Army veteran Robert Hendricks carries scars in his memory from the Vietnam War that time cannot erase.

Hendricks, drafted in 1967, was thrust into the chaos of the Tet Offensive in January 1968, witnessing the brutal power of napalm as it devoured everything in its path, according to Military.com.

After receiving his draft notice, he trained at Fort Ord in California and Fort Holabird in Maryland for military intelligence. From there, it was a direct ticket to Soc Trang in the Mekong Delta, tasked with gathering intel alongside South Vietnamese forces.

Thrown Into the Fire of Tet

“I think everyone who was graduating knew exactly where we were going,” Hendricks told Central Oregon Daily News. Hearing that, you can’t help but wonder how a young man processes the certainty of war, with no illusions about the danger ahead.

Stationed in a small blockhouse, Hendricks was jolted awake at 3 a.m. on January 31, 1968, as the Tet Offensive erupted. Tracers lit up the night, and he had no idea who was firing or from where, only that he was caught in the middle.

Dawn brought an unsettling silence, with no sounds of village life to reassure him. “There were no children laughing and screaming,” he recalled, a chilling detail that hints at the terror of not knowing if the enemy had taken over.

Napalm’s Unforgettable Destruction

For 72 hours, Hendricks and his bunkmate waited for the all-clear to reach the Soc Trang airbase. That wait was punctuated by a sight he would never shake, as U.S. Air Force F-100 Super Sabres dropped 500-pound bombs and then napalm along the roadway.

“I had never seen napalm in my life, and I never want to see it again,” Hendricks said. Those words carry the weight of a man who saw hell unleashed, a weapon so vicious it defies any attempt to justify its use.
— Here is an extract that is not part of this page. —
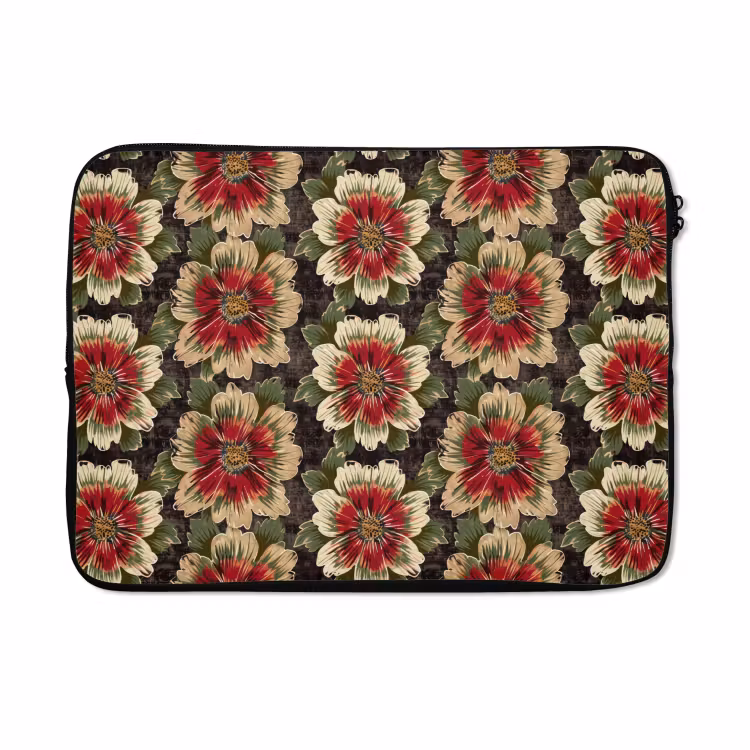 Laptophoes - Bloemen - Klassiek - Patroon - Rood — 5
Walking through the aftermath to reach the airbase, he saw devastation that seared his conscience. Bodies, some still smoking, lay scattered, leaving him to wonder if they were enemy fighters or innocent villagers caught in the firestorm.

Human Cost Beyond the Battlefield

“That was disturbing,” Hendricks admitted, reflecting on the grim reality of war’s indiscriminate toll. Seeing human remains in the sweltering heat of the Delta forced a reckoning with the personal loss behind each casualty.

He later mused on one body in particular, noting, “That was somebody’s father, somebody’s brother, somebody’s son.” Such a thought cuts through the numbness of combat, reminding us that even in war, empathy can survive.

Over nearly six decades, those images have lingered in his mind. They’ve shaped his understanding of the mental burden soldiers carry, a weight that doesn’t lift with the end of a tour.

Lessons From a Reluctant Warrior

Despite his hatred for being in Vietnam, Hendricks found a strange appreciation for the experience. “A real education in foreign affairs and human affairs,” he called it, showing a depth of reflection that transcends mere survival.

He recognized the humanity in the enemy, soldiers who were just as trapped in the conflict as he was. That acknowledgment speaks to a maturity often forced upon young men in the crucible of war.

Hendricks also felt for the Vietnamese people, an ancient culture yearning for peace amid chaos. His story isn’t just about horror; it’s a quiet plea to remember the human stakes in every conflict, a perspective that feels more urgent than ever in a world quick to forget.